(Problem details)
Reproduce, word for word, the lines in the material below starting with the one that has "Mylinh- online show from 10-19-25, 12:00" and going on through the one that has "Полет над Гималаями". Leave out all pictures.

(Provided information)

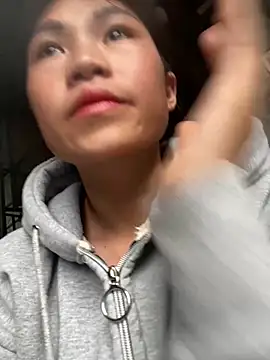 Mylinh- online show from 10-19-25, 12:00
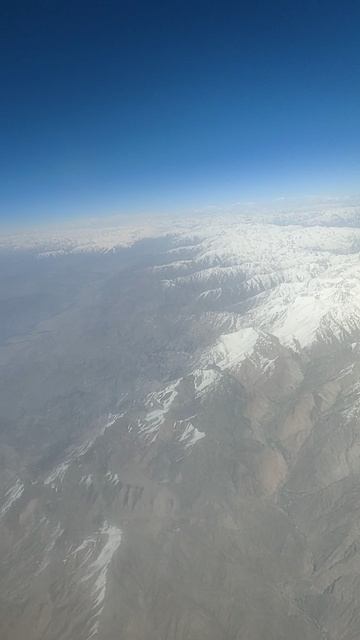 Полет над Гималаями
...
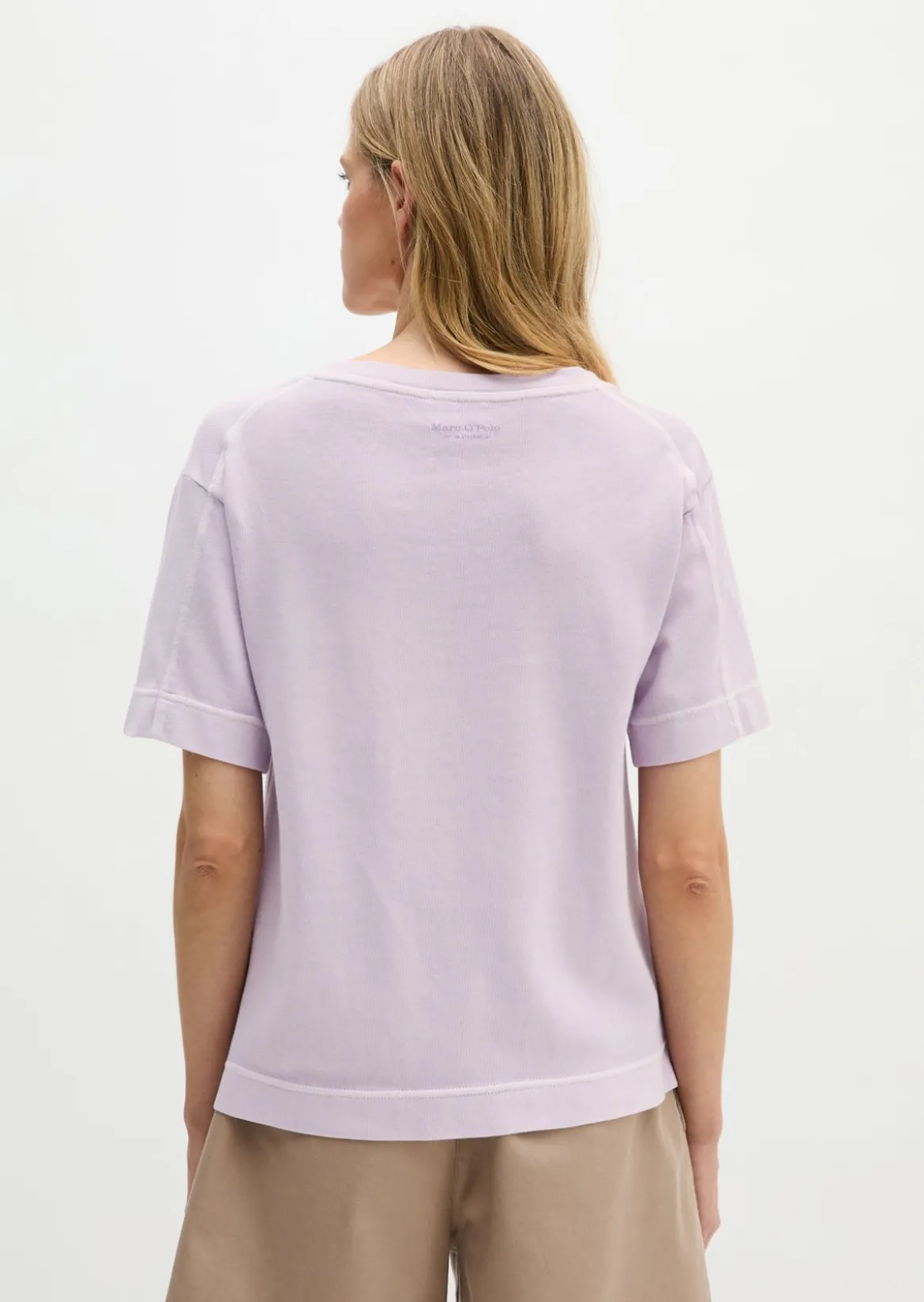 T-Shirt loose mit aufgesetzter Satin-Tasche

(Answer to this task)
 Mylinh- online show from 10-19-25, 12:00
 Полет над Гималаями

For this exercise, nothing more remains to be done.